The lawsuit doesn’t deny that Barleyfield Point is used for fishing activities, but it says none of the site’s co-owners use it for commercial fishing.

In court filings, defendants dispute some of Sylvester’s claims and argue there is no compelling legal reason to force them to sell property their families have owned, used, and paid taxes on for generations.

Among the defendants is Gerald E. Stilphen, a Virginia resident who owns a 1/18th share and has asked the court to dismiss the case.

“I own my deeded 1/2 of 1/9 share as handed down to me from my grandfather through my father to me,” Stilphen wrote in a response to the complaint. “I pay my fair share of the property taxes each and every year. I regularly use this property that has been deeded to me.”

Property co-owners Joanne Choate, Mary Dee Grant, and Frederick B. Hatch III submitted a joint response to the court in June 2022, also asking it to dismiss the lawsuit.

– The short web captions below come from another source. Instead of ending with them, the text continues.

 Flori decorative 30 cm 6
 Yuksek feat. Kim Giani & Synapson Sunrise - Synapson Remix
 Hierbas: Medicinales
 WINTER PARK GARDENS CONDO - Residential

“The property in question has served as a common area and should stay a common area,” their statement reads. “The sale of the property … would disproportionately provide more value to [him] as an owner of nearby land.”

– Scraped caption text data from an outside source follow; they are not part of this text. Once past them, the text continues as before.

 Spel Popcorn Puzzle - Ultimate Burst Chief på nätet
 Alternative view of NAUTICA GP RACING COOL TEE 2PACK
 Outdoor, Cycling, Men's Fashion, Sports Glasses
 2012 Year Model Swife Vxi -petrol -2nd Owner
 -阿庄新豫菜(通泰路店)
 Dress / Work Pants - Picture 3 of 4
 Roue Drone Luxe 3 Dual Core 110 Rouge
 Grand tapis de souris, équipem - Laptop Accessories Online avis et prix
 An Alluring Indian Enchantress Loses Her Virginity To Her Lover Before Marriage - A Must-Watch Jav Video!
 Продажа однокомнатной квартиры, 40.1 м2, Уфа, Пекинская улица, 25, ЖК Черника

Orr’s Island resident Monique Coombs said Barleyfield Point is one of many small, “discreet” working waterfront properties in Maine that are under constant threat of being lost.

Coombs is director of community programs for the Maine Coast Fishermen’s Association, an industryfunded nonprofit that seeks to preserve Maine’s fishing communities for future generations. She said there are many small properties in Maine like Barleyfield Point used by only one or two commercial fishermen, and that such sites are a dwindling resource in the state.

“Getting funding to protect them, or even understanding who to go to be able to conserve them, is incredibly difficult, and Barleyfield is one of those spaces,” Coombs said.

It’s not uncommon for such sites to be partially dilapidated, she said, because fixing them up is expensive, and there’s no public funding available. Still, Coombs said the solution isn’t to ask a court to kick property owners off their land.

“The other thing about those types of properties is that when they’re shut down and fishermen can’t use them anymore, it puts more pressure on the larger working waterfront properties,” she said.

Barleyfield Point is zoned “Commercial Fisheries I,” which means its owners would not be allowed to convert the property to something other than marine uses without being granted a zoning change by the town.

Still, Penny Wilson said she is aware of several locals, including her husband, who use Barleyfield Point for fishing at no cost, and it’s likely Sylvester would want those fishermen to start paying a fee to use it, if he let them use it at all.

“That cove has been open for everyone to use,” Penny Wilson said. “Nobody has ever told anyone that they can’t be on that point except for Jack Sylvester and his wife.”

A trial is tentatively scheduled for Nov. 29 in Portland.